More sites are turning to services like Cloudflare due to just how stupid-easy it is to DDoS — perform a (possibly Distributed) Denial of Service attack on — a site. Sometimes the DDoS is intentional (malicious). Sometimes it’s because your bot didn’t play nice (stop that, btw). Sadly, at some point, most of us with “vital” sites are going to have to pay protection money to one of these services unless law enforcement or ISPs do a better job stopping DDoS (killing the plethora of pwnd IoT devices that make up one of the largest for-rent DDoS services out there would be a good start).
Soapbox aside, sites like this one — https://www.bitmarket.pl/docs.php?file=api_public.html — (which was giving an SO poster trouble) have DDoS protection enabled but they also want you to be able to automate the downloads (this one even calls it an “API”). However, try to grab one of the files there with your browser and you’ll likely see a Cloudflare interstitial page which eventually gets you the data.
Try the same thing with download.file()
or httr::GET()
and you’ll run into trouble since neither of those two functions have a way to perform the javascript challenge execution which ultimately is posted (well, GETted in this case) to a checker endpoint which eventually redirects to the original URL with enough ??? to ensure you won’t be bothered again.
Cloudflare has captcha and other types of interstitials, but if you happen on the 503+javascript challenge one, have I got a package for you! Meet: cfhttr
?.
The singular function (for now) — cf_GET()
— does the following:
- Makes an
httr::GET()
call with the initial URL - Checks to ensure it’s both on Cloudflare and is using the javascript challenge protection scheme
- Slices the javascript and tweaks it enough to enable running it in
V8
- Retrieves the challenge computation from
V8
- Posts (well,
httr::GET()
s it since that’s what Cloudflare expects) the challenge form with the properReferer
header and hopefully passes the test so you get your content.
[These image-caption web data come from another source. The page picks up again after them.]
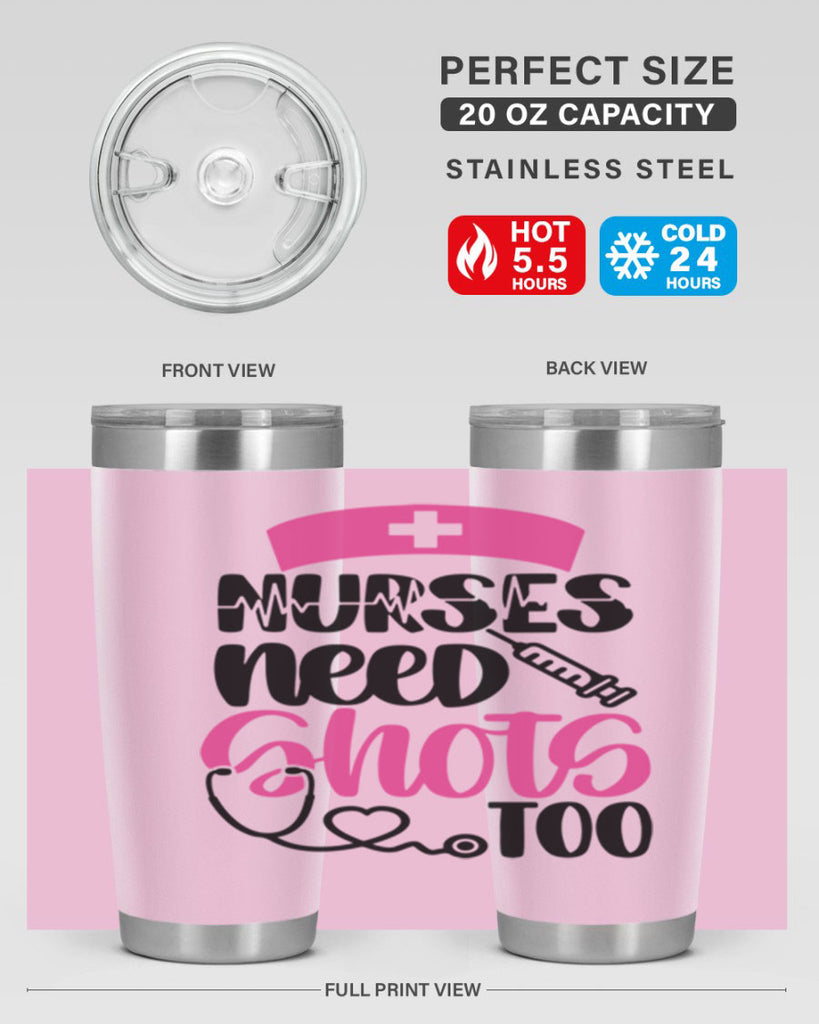 Nurses Need Shots Too Style Style 81#- nurse- tumbler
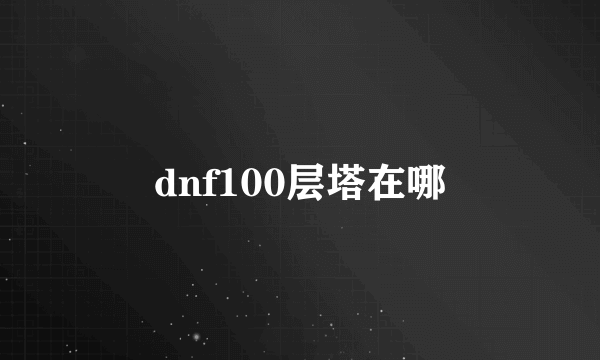 dnf100层塔在哪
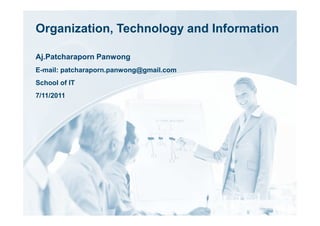 Organization, Technology and Information

Aj.Patcharaporn Panwong
E-mail: patcharaporn.panwong@gmail.com
School of IT
7/11/2011
 
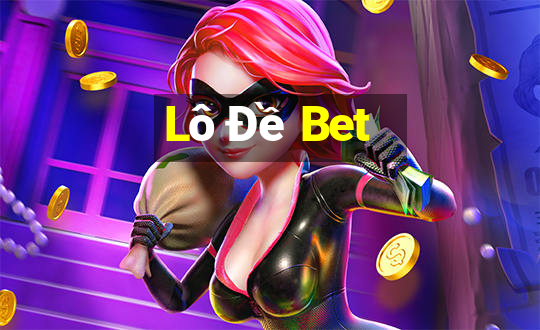 Lô Đề Bet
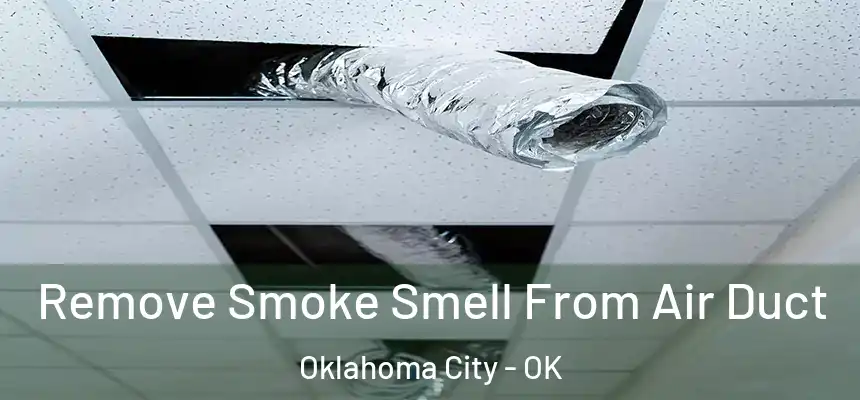  Remove Smoke Smell From Air Duct Oklahoma City - OK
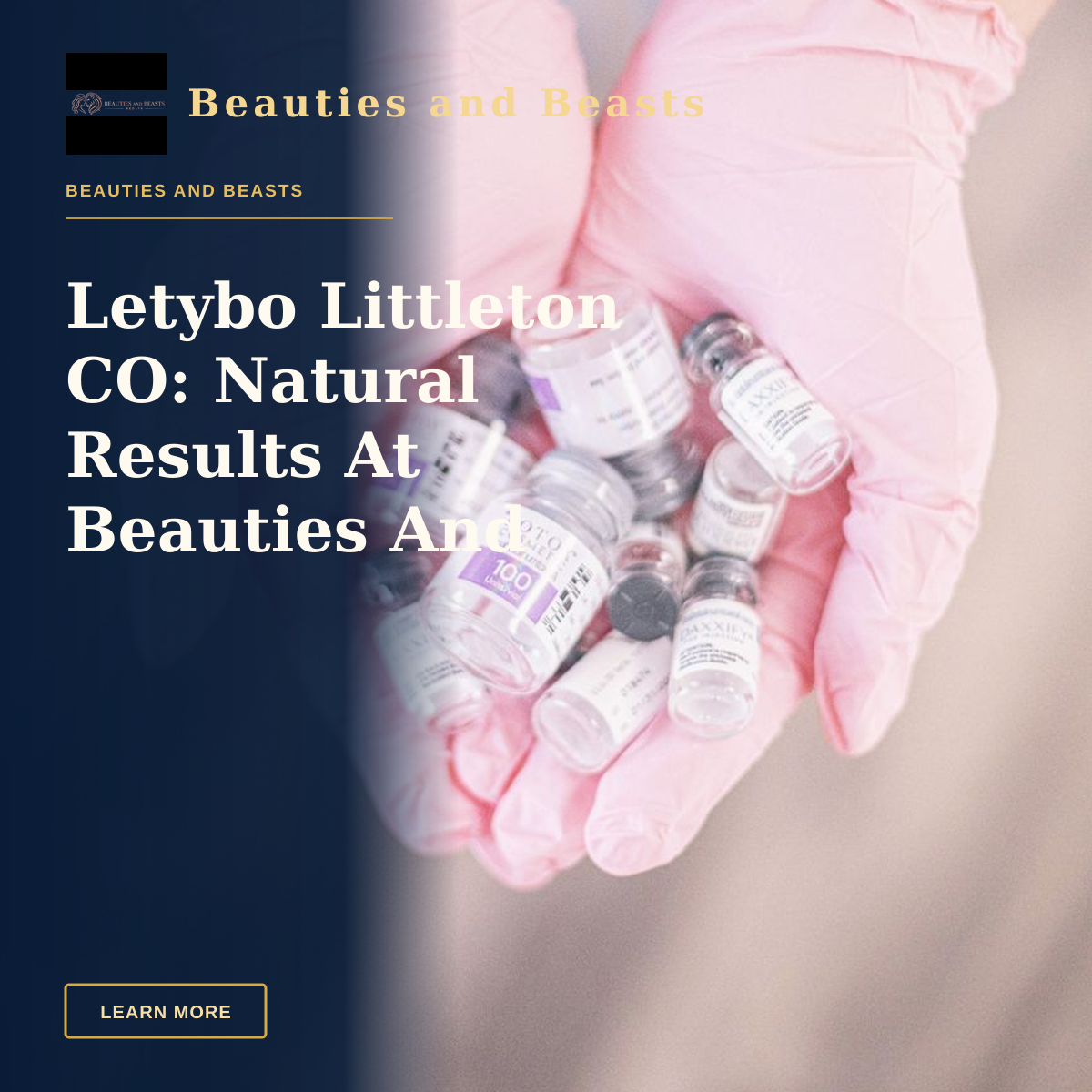 Letybo Littleton CO: Natural Results At Beauties And Beasts — Close-up of pink gloved hands holding cosmetic treatment vials, symbolizing modern skincare.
devtools::install_github("hrbrmstr/cfhttr")
library(cfhttr)
res <- cf_GET("https://www.bitmarket.pl/graphs/BTCPLN/90m.json")
## Waiting 5 seconds...
str(httr::content(res, as="parsed"))
## List of 90
## $ :List of 6
## ..$ time : int 1512908160
## ..$ open : chr "48000.00000000"
## ..$ high : chr "48100.00000000"
## ..$ low : chr "48000.00000000"
## ..$ close: chr "48100.00000000"
## ..$ vol : chr "0.00124821"
## $ :List of 6
## ..$ time : int 1512908220
## ..$ open : chr "48100.00000000"
## ..$ high : chr "48100.00000000"
## ..$ low : chr "48100.00000000"
## ..$ close: chr "48100.00000000"
## ..$ vol : chr "0.00000000"
## $ :List of 6
## ..$ time : int 1512908280
## ..$ open : chr "48100.00000000"
## ..$ high : chr "48100.00000000"
## ..$ low : chr "48100.00000000"
## ..$ close: chr "48100.00000000"
## ..$ vol : chr "0.00000000"
## ...
FIN
If you end up using this in workflows and run into a problem, it likely means that Cloudflare changed the challenge code page. Please file an issue so I can update the code.
2 Comments
I am sorry to bother you, but could you answer a simple question? What does DDoS stand for? I am used to a strict rule to identify the meaning of every acronym the first time it is introduced. I find the rule very helpful, but you can make your own decisions.
I generally try to do that as well and have updated the post to include a brief definition (which is “perform a (possibly Distributed) Denial of Service attack on — a site”) and linked to the wikipedia page on it. I was far too lazy and def appreciate the follow-up question.